We had as well to replace a couple of power supply for our storage and network infrastructure
We have a lot of compute nodes in the public-cpu partition that seems to crash as soon as there is a job running on them. We are investigating.
-
We already fully restored data and access to ~120 users for a total of 30TB and many millions of files.
-
We’ve re enabled the account of ~ 70 users more without restoring their home as requested.
-
There is ~ 30 users with ongoing restore of their home
-
There is ~40 users with their home pending to restore
Thanks for your patience.
edit: 25th of March 2022
restore of the latest homes still ongoing.
While checking the restore logs, we saw a lot of files that it wouldn’t worth to backup/restore:
/home/users/x/xxx/.local/share/Trash/files/MATLAB_RUNTIME/
/home/users/x/xxx/.conda
/homeusers/x/xxx/.vscode-server
many other temporary files or old logs as well.
Hi,
login2.baobab.hpc.unige.ch has issue. It rebooted itself 2022-03-31T15:00:00Z and this morning it is power off.
We are investigating.
issue solved. 2022-04-04T12:30:00Z
Issue with storage server home3. 2022-04-04T19:20:00Z
We are investigating.
Symptom is : remote I/O error.
We are still investigating: we need to shutdown the storage server.
Solved 2022-04-06T10:00:00Z
Issue with storage server home2: 2022-05-23T07:00:00Z
The server is rebooting. Home not fully working.
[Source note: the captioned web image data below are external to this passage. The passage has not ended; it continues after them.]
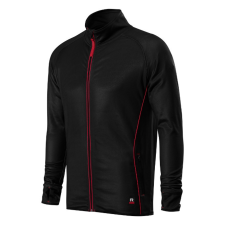 Rimeck Vertex sztreccs polár férfi fekete 2XL munkaruha
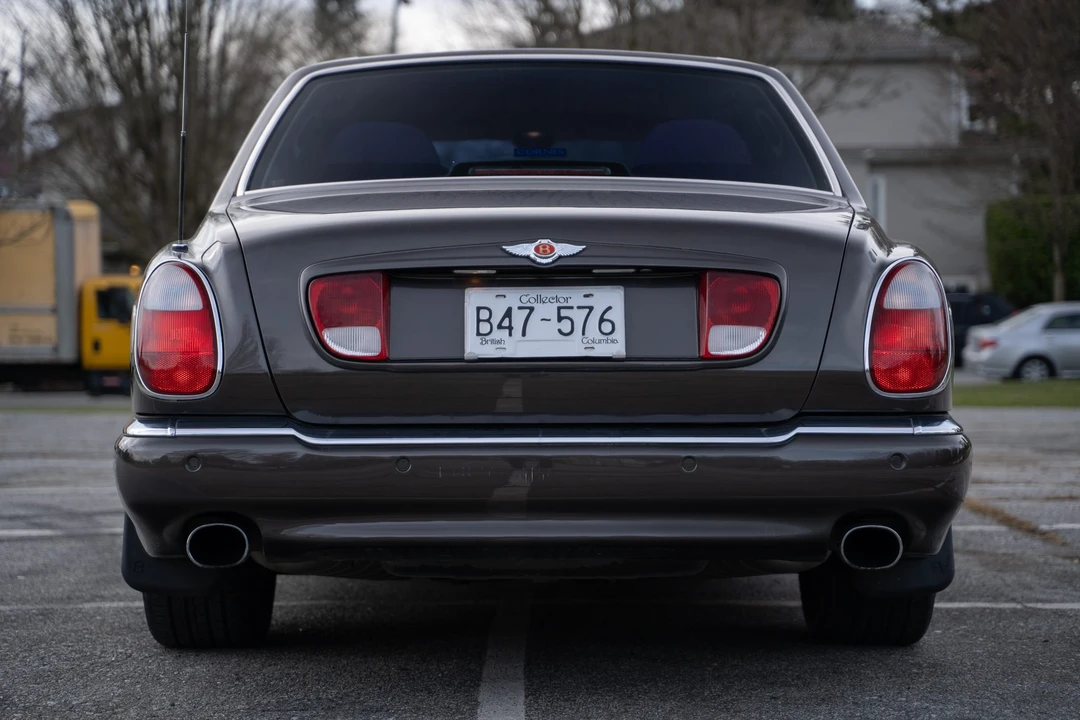 2000 Bentley Arnage - Image 29 of 31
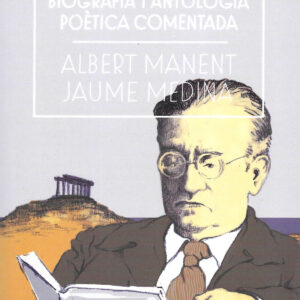 CARLES RIBA BIOGRAFIA I ANTOLOGIA POETICA COMENTADA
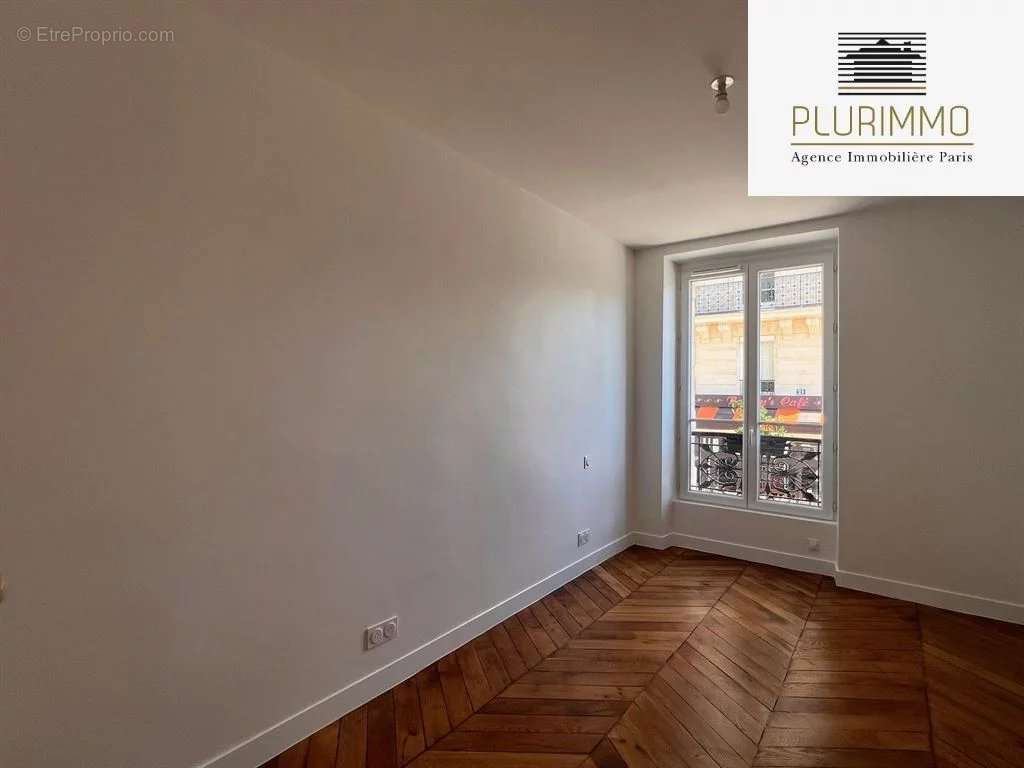 Appartement à PARIS-13E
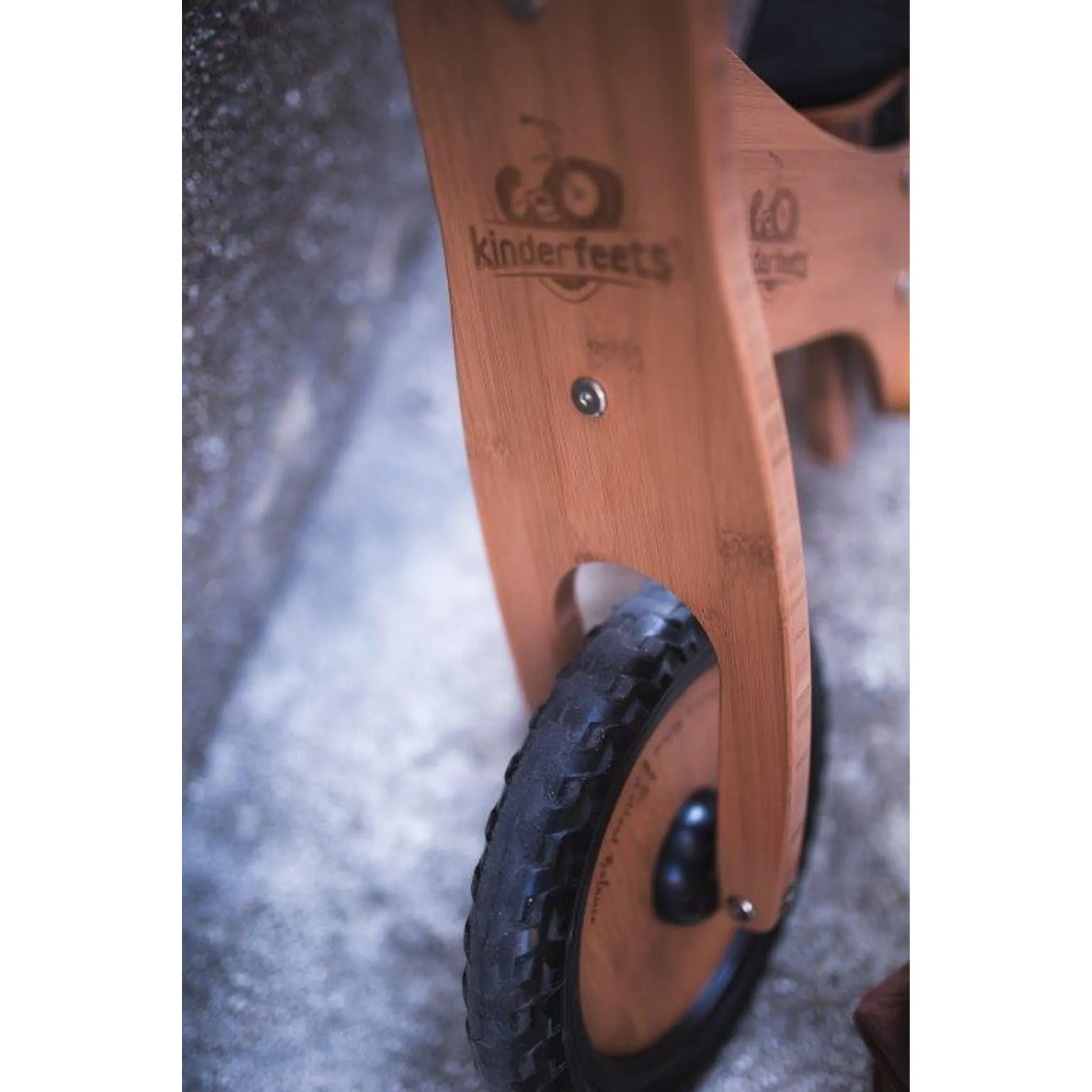Kinderfeets - Balance Bike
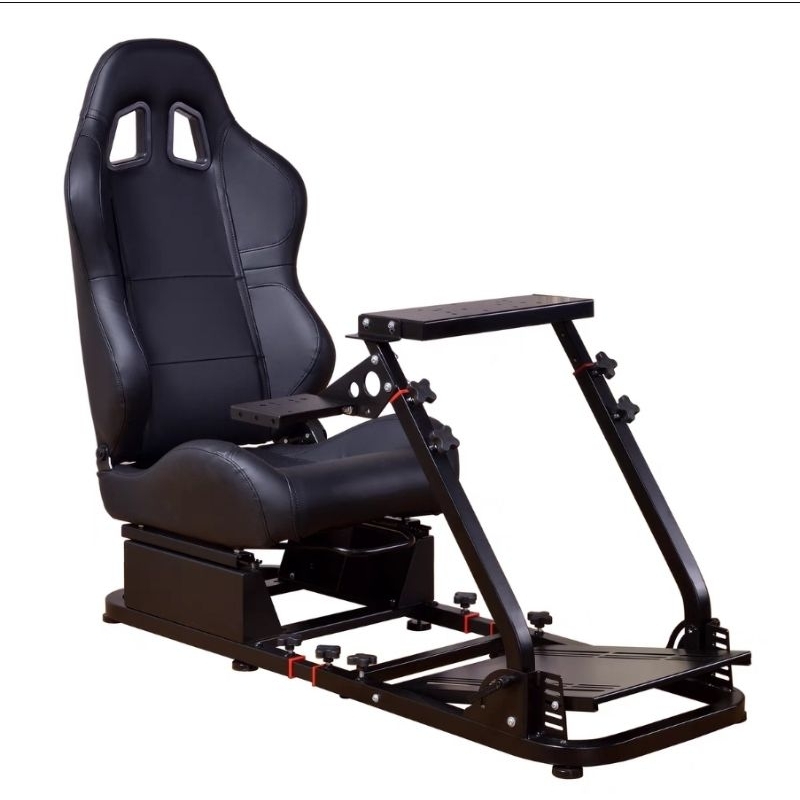 ชุดFull Cockpit รุ่นใหม่ล่าสุด รองรับจอยพวงมาลัยได้ทุกรุ่น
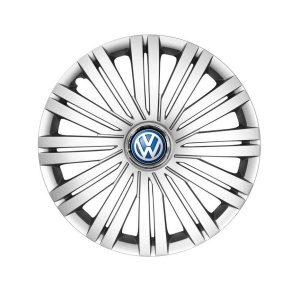 Set 4 Capace Roti 14 inschi (R14) Compatibile Cu Volkswagen, Model - 200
Solved: 2022-05-23T07:40:00Z
The storage is now ultra fast
Issue on login2 cpu stuck → reboot node 2022-06-20T13:00:00Z to 2022-06-20T15:00:00Z
Issue on gpu001.yggdrasil.
2022-06-01T22:00:00Z
We have to send back the server to the vendor, the mainboard is probably broken.
Dear Users,
Start: 2022-07-24T06:07:00Z
End: 2022-07-25T07:00:00Z
One of our Home storage servers on baobab encountered a system problem requiring a reboot.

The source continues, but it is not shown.